Short descriptive text snippets:
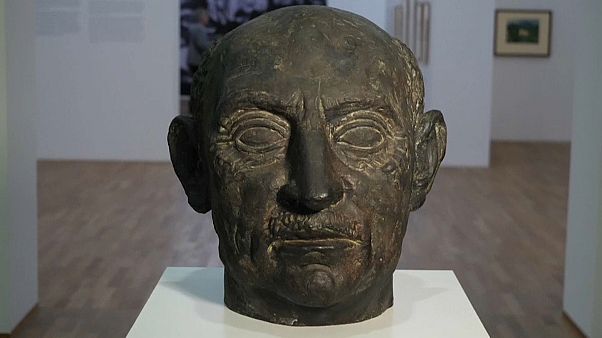 "Entartet", Antisemit, Rassist: Ausstellung über Emil Nolde und sein Verhältnis zu den Nazis "Entartet", Antisemit, Rassist: Ausstellung über Emil Nolde und sein Verhältnis zu den Nazis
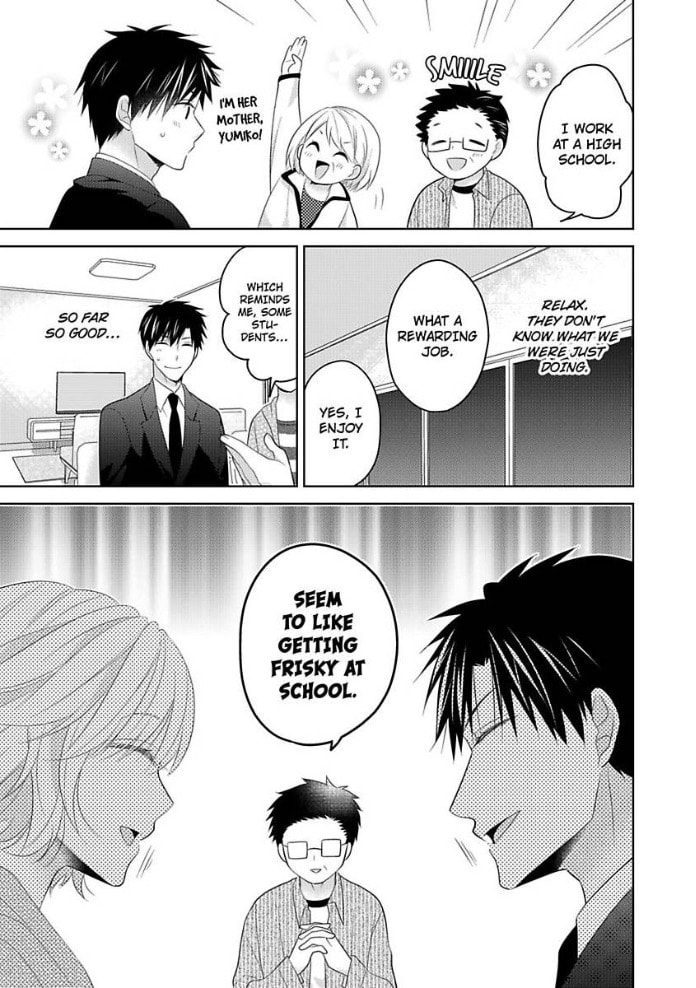Sono Oshi, XX ni Tsuki Chapter 10 page 8 - 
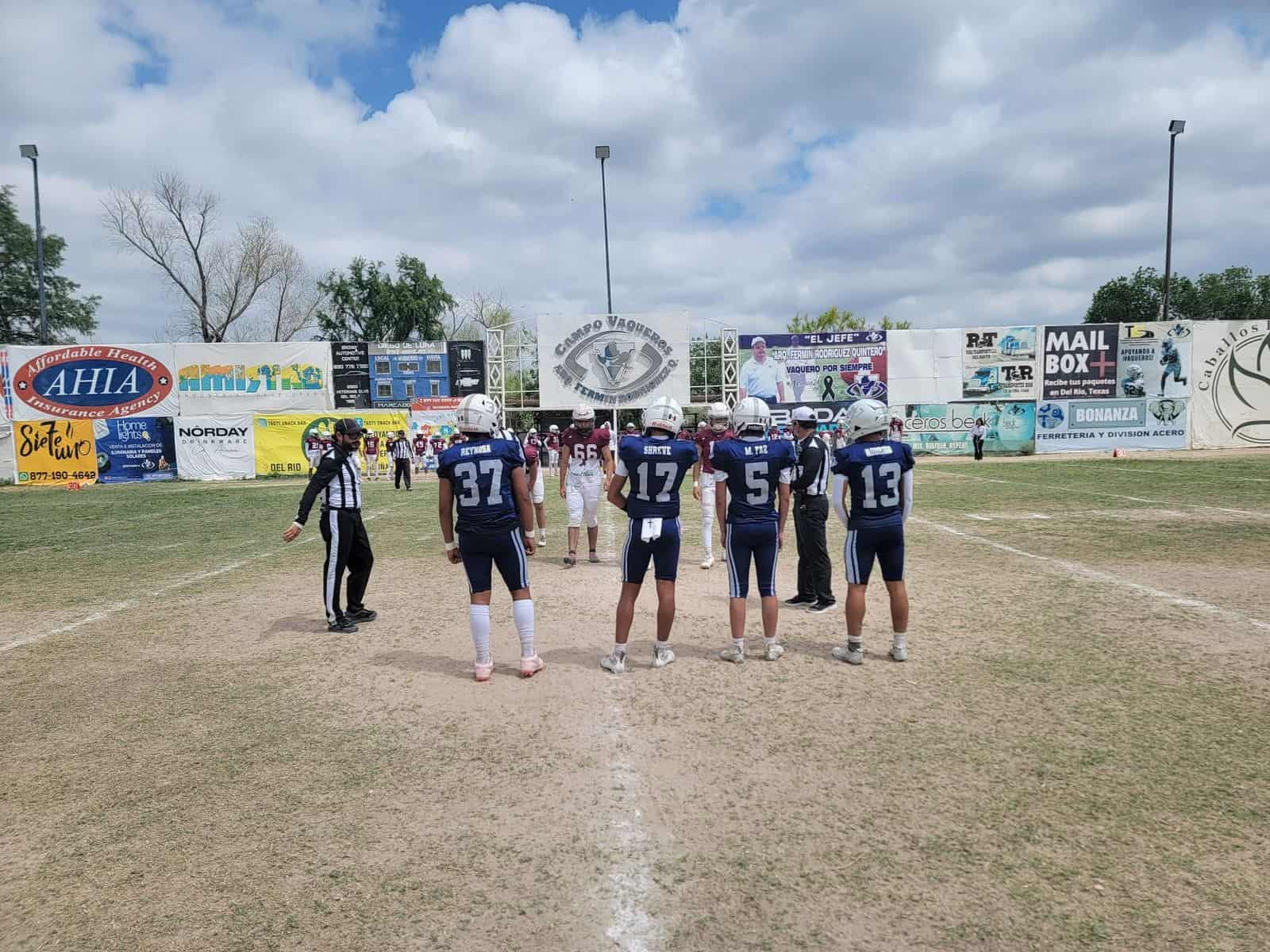 Vaqueros sufre triple derrota ante Potros y pierde racha positiva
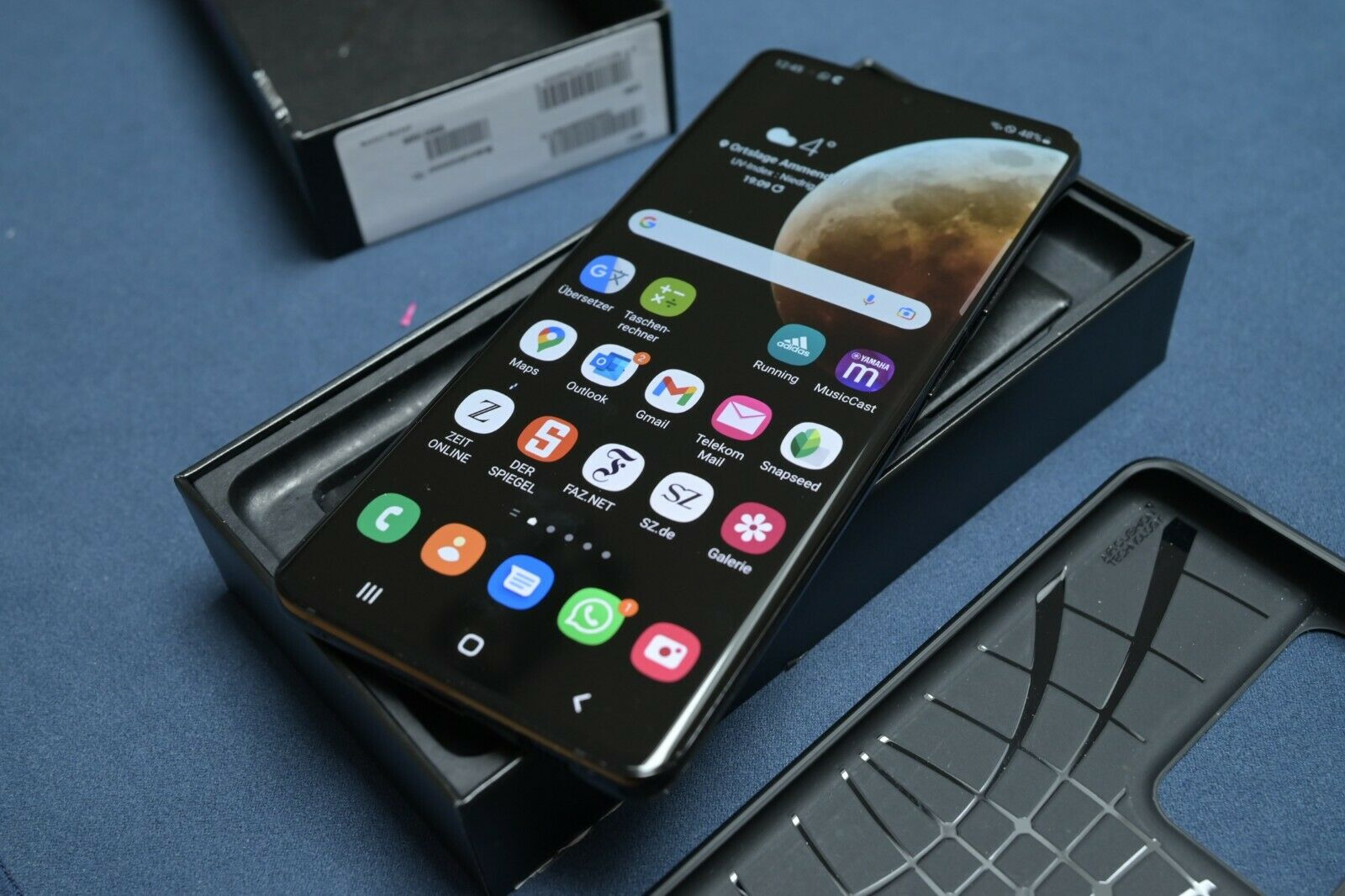 Samsung Galaxy S21 ultra - Miniature 2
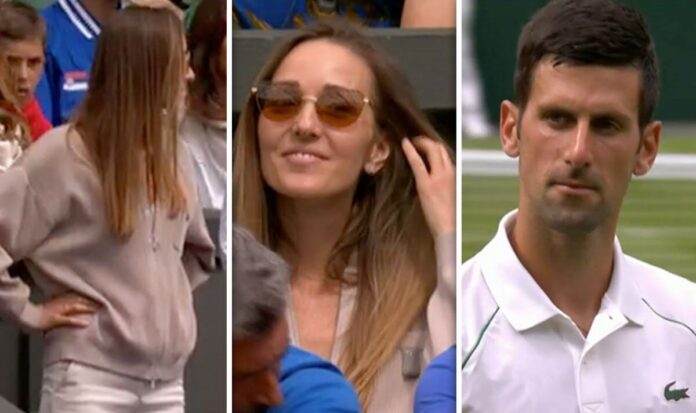 Sadly Novak Djokovic caught cheating as wife Jelena files $80m divorce
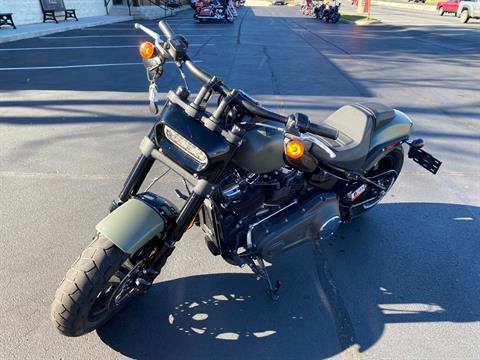 2021 Harley-Davidson Fat Bob® 114 in Lynchburg, Virginia - Photo 4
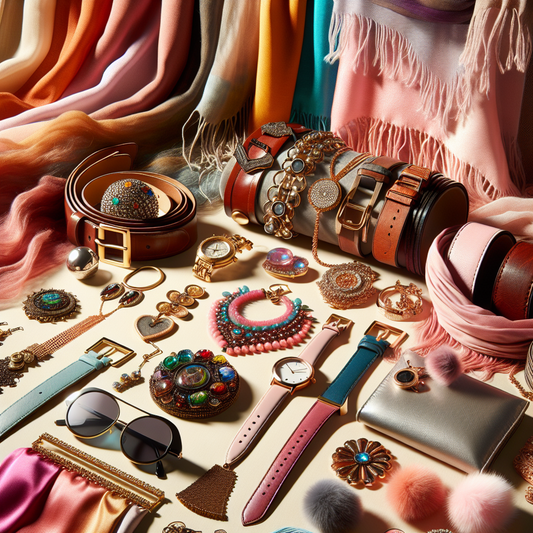 The Best Gifting Ideas for Unique and Stylish Accessories
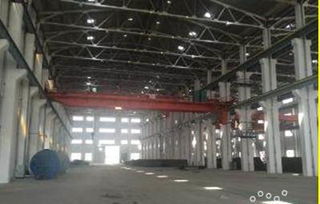 硕放20000平米重工厂房仓储出租 大吨位行车与仓储设备租赁一体化服务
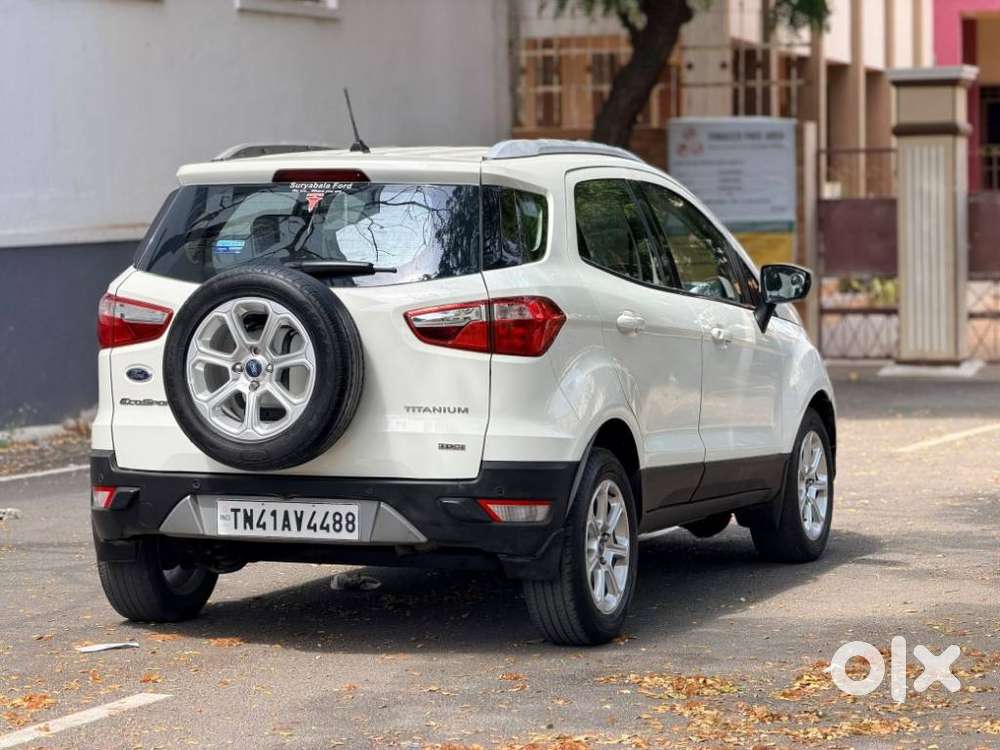 Ford Ecosport [ ] 1.5 Titanium Tdci, 2019, Diesel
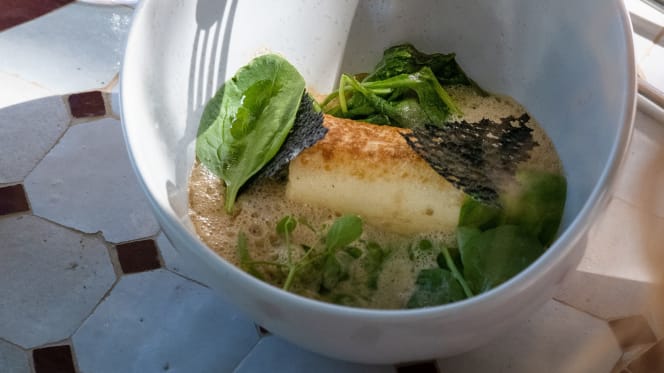 La Table du Belvédère - 0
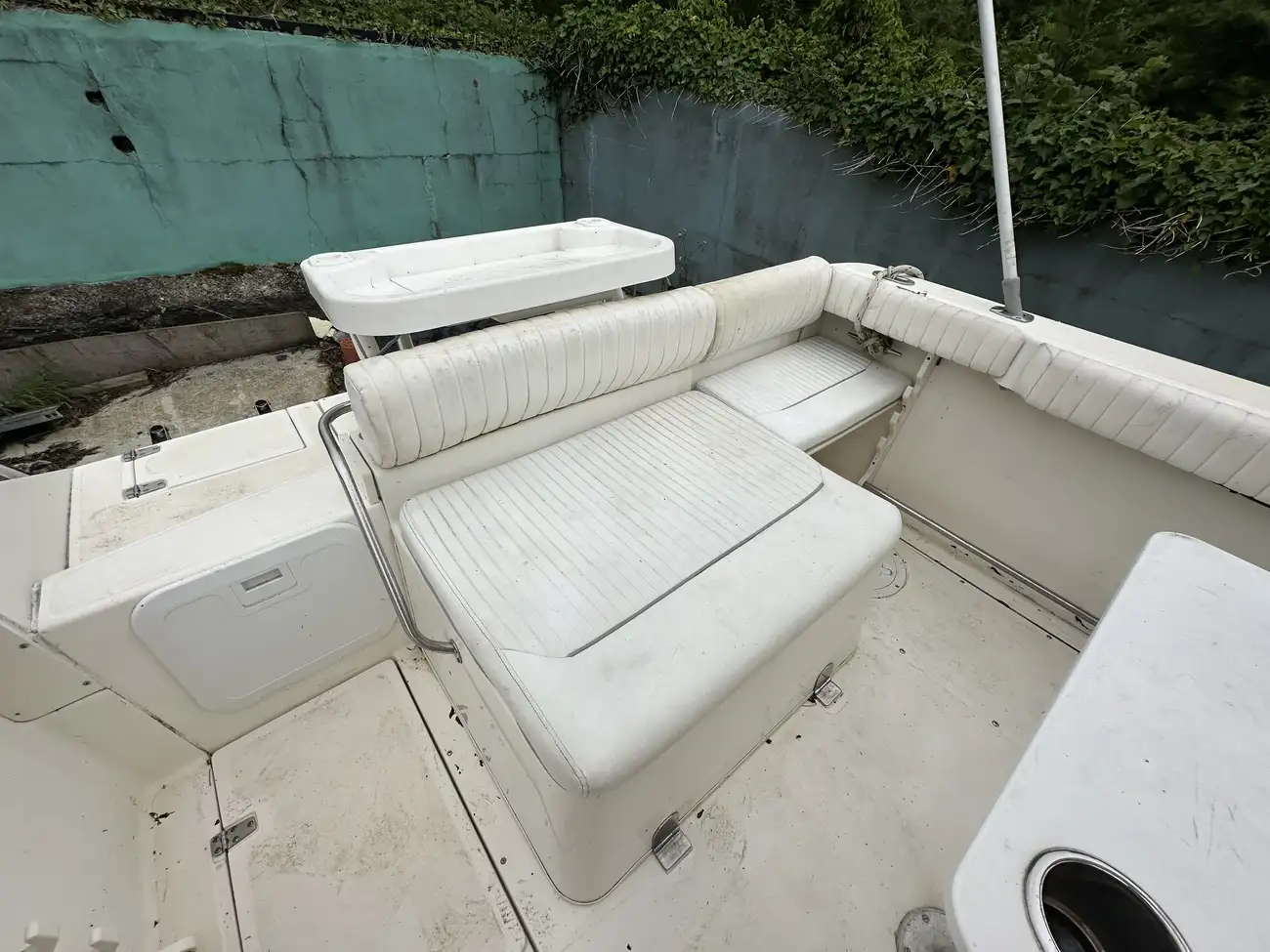 1999 Boston Whaler, dovoz Skladom v EÚ — foto 15 z 20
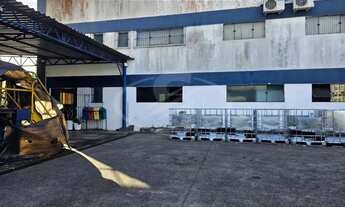 Imagem: GALPÃO INDUSTRIAL COM 2.814 M² NA CHÁCARA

#### [Activity]
The answer is the full set of records printed exactly, less the pictures.

#### [Result of the exercise]
 "Entartet", Antisemit, Rassist: Ausstellung über Emil Nolde und sein Verhältnis zu den Nazis "Entartet", Antisemit, Rassist: Ausstellung über Emil Nolde und sein Verhältnis zu den Nazis
Sono Oshi, XX ni Tsuki Chapter 10 page 8 - 
 Vaqueros sufre triple derrota ante Potros y pierde racha positiva
 Samsung Galaxy S21 ultra - Miniature 2
 Sadly Novak Djokovic caught cheating as wife Jelena files $80m divorce
 2021 Harley-Davidson Fat Bob® 114 in Lynchburg, Virginia - Photo 4
 The Best Gifting Ideas for Unique and Stylish Accessories
 硕放20000平米重工厂房仓储出租 大吨位行车与仓储设备租赁一体化服务
 Ford Ecosport [ ] 1.5 Titanium Tdci, 2019, Diesel
 La Table du Belvédère - 0
 1999 Boston Whaler, dovoz Skladom v EÚ — foto 15 z 20
 Imagem: GALPÃO INDUSTRIAL COM 2.814 M² NA CHÁCARA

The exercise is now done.